Il caso è esploso dopo l’incontro a Napoli tra il cardinale Gianfranco Ravasi e il cardinale Crescenzio Sepe, arcivescovo della città, che doveva rimanere privato ma i cui contenuti sono stati diffusi a mezzo stampa. In particolare la presunta somma di 700mila euro e il rischio dei licenziamenti di massa ha suscitato proteste e sit-in con striscioni e cartelli nel quartiere napoletano contro il Vaticano – fomentate, sembra, anche da alcuni sacerdoti - che ha coinvolto non solo gli impiegati de “La Paranza” ma anche abitanti, commercianti, professori universitari e l’intera società civile. E si è arrivati a scomodare anche il presidente della Camera dei Deputati, Roberto Fico, recatosi nel quartiere qualche giorno fa per incoraggiare i ragazzi a rischio licenziamento. Il tutto è sfociato anche in una raccolta firme lanciata dalla Onlus “L’Altra Napoli” per chiedere l’intervento del Papa sulla questione che ha registrato quasi 90mila adesioni.

In questa storia in cui il riscatto sociale e la disoccupazione giovanile si intrecciano alla narrativa un po’ stantia di una Chiesa assetata di denaro, manca solo un tassello: questi 700mila euro non sono mai stati richiesti dalla Santa Sede, anzi non sono mai esistiti.

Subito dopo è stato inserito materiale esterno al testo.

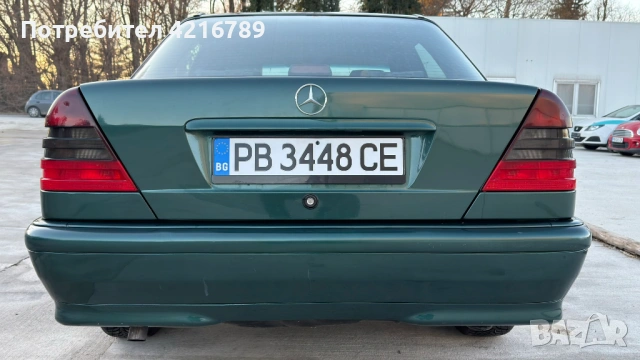 Mercedes-Benz C 180 Газ-Бензин, снимка 15 - Автомобили и джипове - 53991509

Non solo, il contenzioso nasce dal fatto che intenzione del Vaticano era di riportare solo un po’ di ordine e legalità nella Catacomba napoletana, l’unica in Italia - a quanto risulta dal documento pubblicato da Tv2000 - che non solo non ha mai corrisposto la percentuale degli introiti stabilita ma nemmeno ha mai inviato a Roma alcun rendiconto dettagliato dei suoi bilanci. In pratica, sostengono tra le mura leonine, “La Paranza” gestisce il sito in totale autonomia, emettendo biglietti in proprio e non fornendo bilanci.

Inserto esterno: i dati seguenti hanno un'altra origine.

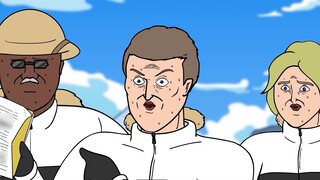 [Tim Penyelamat Hewan Langka] Manusia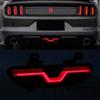 Car LED Reflector Rear Fog Lamp Brake Light Backup Lamp Rear Bumper Light for Ford Mustang 2015 2016 2017 2018 2019 2020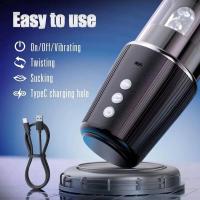 Juguetes para Adultos Leten Masajeador Automático para Hombres Vibrador de Fondo - details 1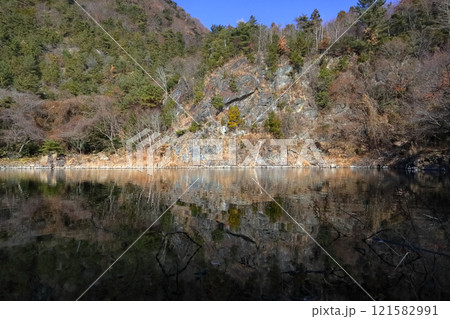 ロマンチック茨城(雪入山「風の池」嘗ては採石場でしたが、自然の回復にて森が再生した。)かすみがうら市 ロマンチック茨城(雪入山「風の池」嘗ては採石場でしたが、自然の回復にて森が再生した。)かすみがうら市 121582991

Quindi nessuno voleva e vuole interrompere l’opera di grande rilievo sociale, come assicura la Commissione di Archeologia Sacra, ma bisogna far quadrare i conti su una base nuova di trasparenza e legalità, senza creare disparità di trattamento con le altre catacombe aperte al pubblico, e gestite da altri soggetti, che hanno sempre rispettato gli accordi con la Commissione. E si parla anche in quei casi di zone problematiche come Palermo, Siracusa o Tor Pignattara a Roma.

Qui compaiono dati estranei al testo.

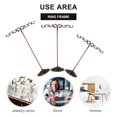 thumbnail image 2 of Shisuyan Jewelry Organizer Stand Antique Copper 3Pcs 3.1X1.4X5.1In, 2 of 8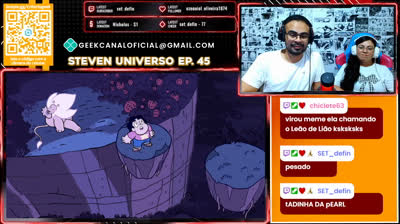 Steven Universo EP 45 ao 48 + alguns vídeos
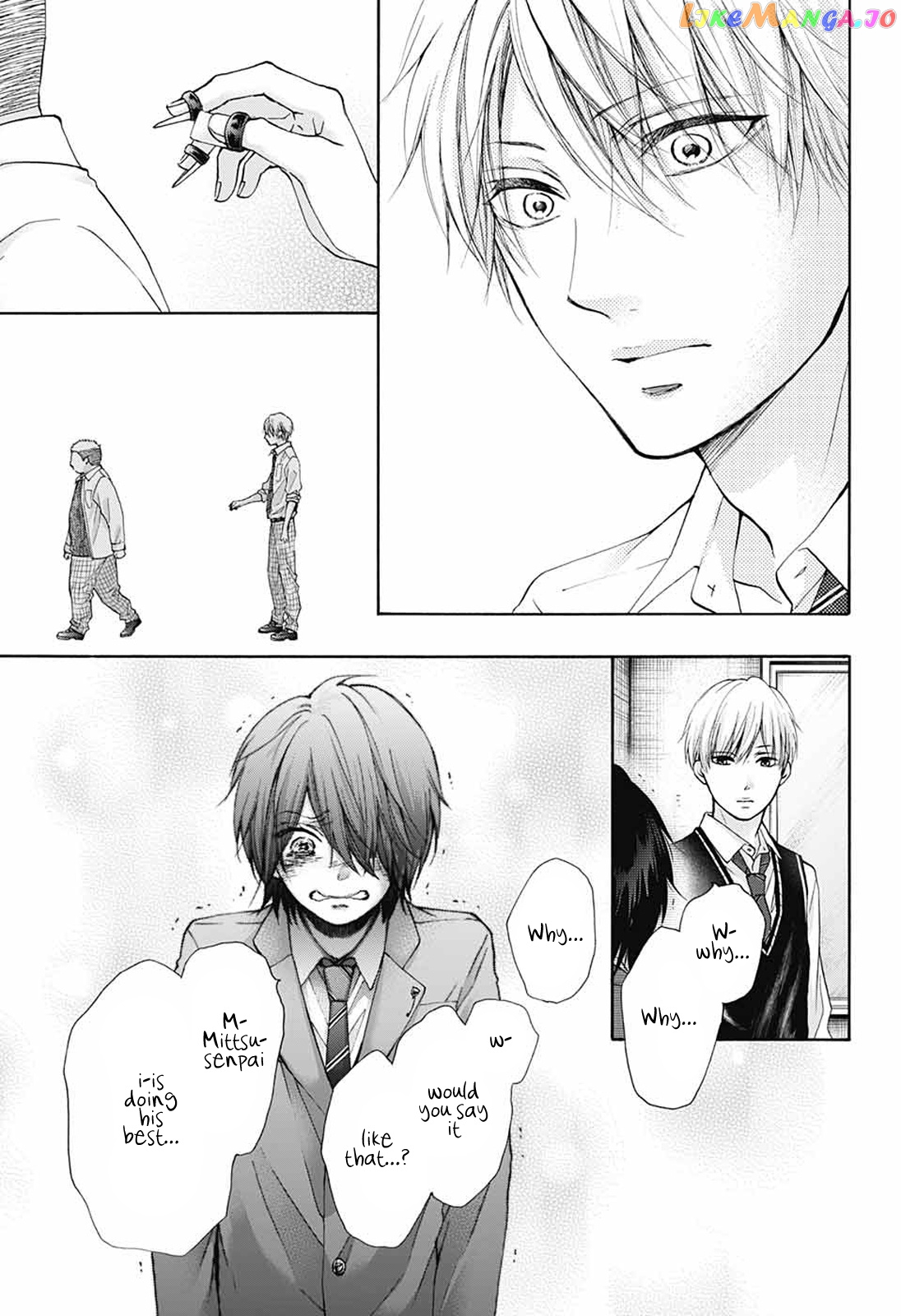 Kono Oto Tomare! Sounds Of Life chapter 79 - page 21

L’arcivescovo Sepe è venuto a Roma nei giorni scorsi per l’assemblea d’autunno della Cei e ha avuto modo di incontrare più volte Ravasi. Una nota della Curia di Napoli riferisce infatti che il porporato «in questi giorni ha lavorato, nel silenzio, in stretta collaborazione con la Santa Sede, perché si individuasse un percorso positivo ed efficace finalizzato al rinnovo della convenzione per una migliore gestione e fruizione delle Catacombe di San Gennaro e San Gaudioso». Da entrambe le parti è stato espresso il «comune convincimento che esistono concrete condizioni per una soluzione che tenga conto delle esigenze istituzionali, a garanzia dei diritti e dei doveri delle parti in causa».

«In silenzio» vogliono lavorare pure i giovani de “La Paranza”, come riferiscono in un comunicato diffuso dopo il servizio di Tv2000, in cui dicono di attendere «l’avvio del confronto per la nuova convenzione così come indicato dal cardinale Crescenzio Sepe». L’obiettivo è infatti un nuovo accordo da stipulare magari prima della scadenza di luglio del precedente, in modo da chiarire anche a chi di dovere spettino i lavori di restauro del sito e chiudere così questa vicenda che pare essere sfuggita a tutti di mano.